Di Twitter, tagar tentang kasus tersebut trending. Antara FPI dan terorisme kerap kali menjadi pusat pembicaraan. Ini menarik karena desain awalnya, FPI tidak begitu. Mereka yang ahli sweeping dan konfrontatif pada pemerintah secara ideologi tidak sama dengan JAD, JI, dan teroris lainnya. Ternyata, ada benang merah yang membuat FPI terpolarisasi dan menjadi sepelik sekarang. Yaitu, mereka semua adalah kaum radikal. Dalam artian, kaum radikal—terlepas dari apa pun organisasinya—memiliki relasi ideologis.

Relasi Kaum Radikal

Hubungan Kepentingan. Selama ini, ormas seperti FPI tugasnya mengusik rezim. HTI dibubarkan juga karena demikian: mengusik Negara. Para kaum teroris semacam JI, JAT, JAD, dan lainnya, itu mengusik masyarakat dan ideologi NKRI untuk kepentingan politik kekuasaan mereka. Mereka semua disebut kaum radikal karena anti-kompromi dengan lokalitas, baik budaya maupun keberagamaan, atau juga sistem ketatanegaraan. Frontal, dan keinginannya satu: mendirikan sistem sendiri.
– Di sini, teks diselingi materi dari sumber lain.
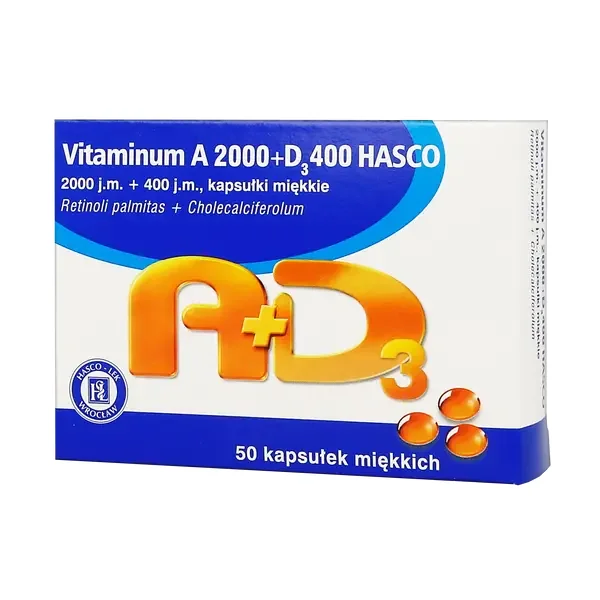 Vitaminum A+D3 2000 j.m. + 400 j.m. 50 kapsułek [HASCO] - HASCO -- Lek S. A.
BACA JUGA  Serangan Moskow dan Bukti Kekejaman Teroris di Bulan Ramadan

Jadi sekalipun FPI mengaku setia Pancasila sementara JAD tidak, mereka sama-sama riskan karena punya kepentingan lain yang orientasinya adalah komunitas mereka sendiri—mencederai NKRI. Dan kebertautan mereka, kaum radikal, ada dalam agendanya. FPI bukan ekstremis takfiri. Habib Rizieq Shihab tidak sekukuh Abu Bakar Baasyir. Lalu bagaimana mungkin seorang Munarman yang notabene FPI berbaiat dengan ISIS? Apa relasinya?
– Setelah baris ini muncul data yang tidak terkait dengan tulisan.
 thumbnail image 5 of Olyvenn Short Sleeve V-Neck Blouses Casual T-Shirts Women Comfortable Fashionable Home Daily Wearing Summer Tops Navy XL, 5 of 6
Jawabannya adalah: relasi kepentingan. Musuh mereka sama, yaitu negara dan pemerintah. Bukan mustahil mereka akan bersatu untuk tujuan itu. Pada akhirnya terjadi usaha menautkan diri dengan kelompok sebelah demi menyatukan kekuasaan melakukan pemberontakan pada rezim. Kelompok teroris, bagaimanapun, sebagaimana ditegaskan Ali Imron, selalu menunggu momentum. Saling mengaitkan satu sama lain merupakan hal yang lumrah. Yang penting, agendanya tercapai.

FPI yang Sudah Bubar

Tetapi FPI sudah bubar, bagaimana mungkin mereka dikaitkan dengan aksi terorisme? Justru itu yang perlu diwaspadai. Kebertautan kaum radikal yang dipengaruhi kepentingan masing-masing berpotensi lebih buruk, yakni bersatunya kekuatan radikal. Mereka menyerang negara dan pemerintah dari segala arah, dari beragam tuduhan, dengan segala isu. Isu yang mereka bawa juga tidak lepas dari isu sensitif; agama. Jadi jurusnya sama semua. Tidak jauh-jauh dari itu.
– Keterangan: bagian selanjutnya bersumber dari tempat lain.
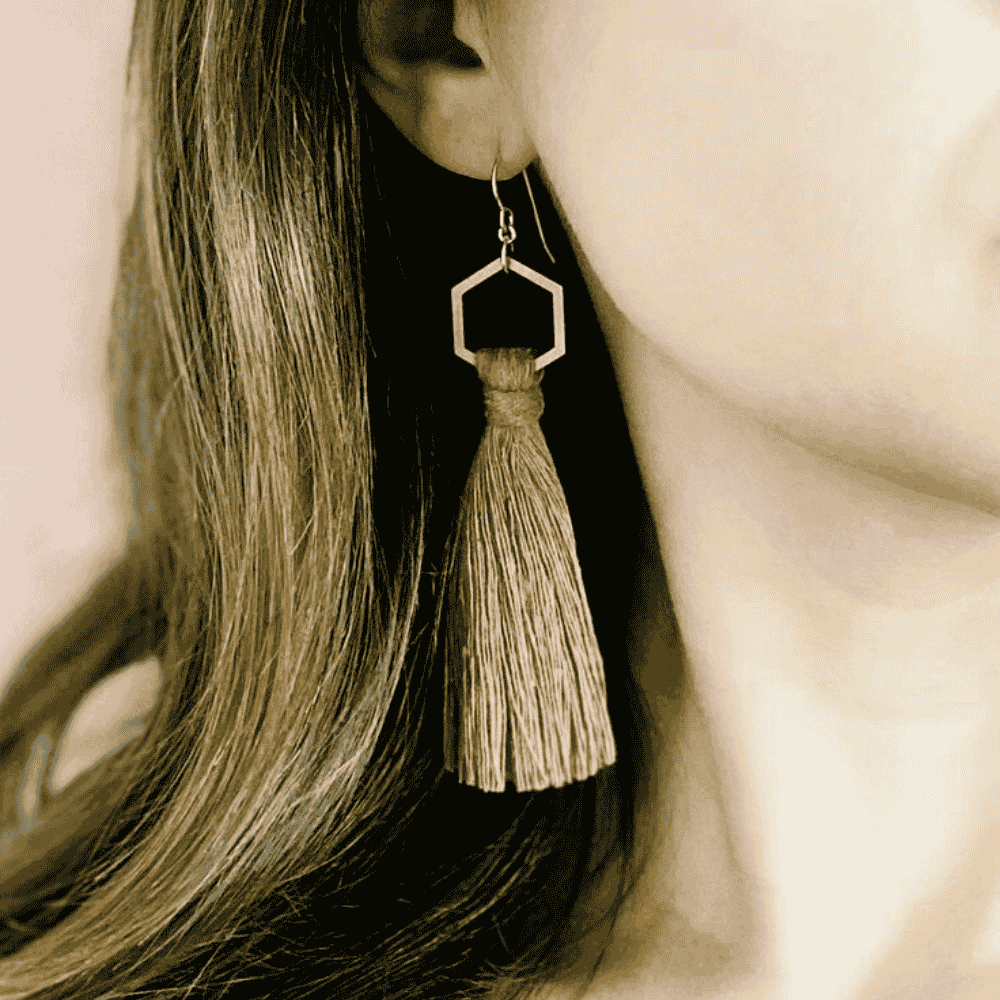 1- Boho Oxidized Copper Earrings - Hexagon Tassel Earrings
HTI juga bubar, tetapi aktivisnya masih bergerilya. Sebab, di samping tuntutan ideologis, keterdesakan oleh musuh akan membuat mereka bersatu untuk menghadapinya. Dengan demikian, yang perlu ditakuti bukanlah pergerakan satu kelompok di antara mereka, melainkan kebertautan antarkelompok. Dibubarkan atau tidak, diakui negara atau tidak, tidak pengaruh. Justru yang menadapat represi dari pemerintah akan lebih frontal dalam setiap gerakan radikalnya.

Mau FPI bubar dan terlarang atau tidak, kaum radikal itu satu. Organisasinya saja yang banyak, tapi kepentingannya serumpun. Maka melihat polemik keterlibatan FPI dengan terorisme tidak perlu dengan rasa heran. Orang bisa merangkap dua anggota sekaligus, menjadi jihadis JAD dan menjadi laskar FPI. Medan tempurnya sama: NKRI dan pemerintah. Kebertautan ini, tentu, bukan sesuatu yang baru. Yang terang, di atas kepentingan konfrontasi, kaum radikal adalah saudara.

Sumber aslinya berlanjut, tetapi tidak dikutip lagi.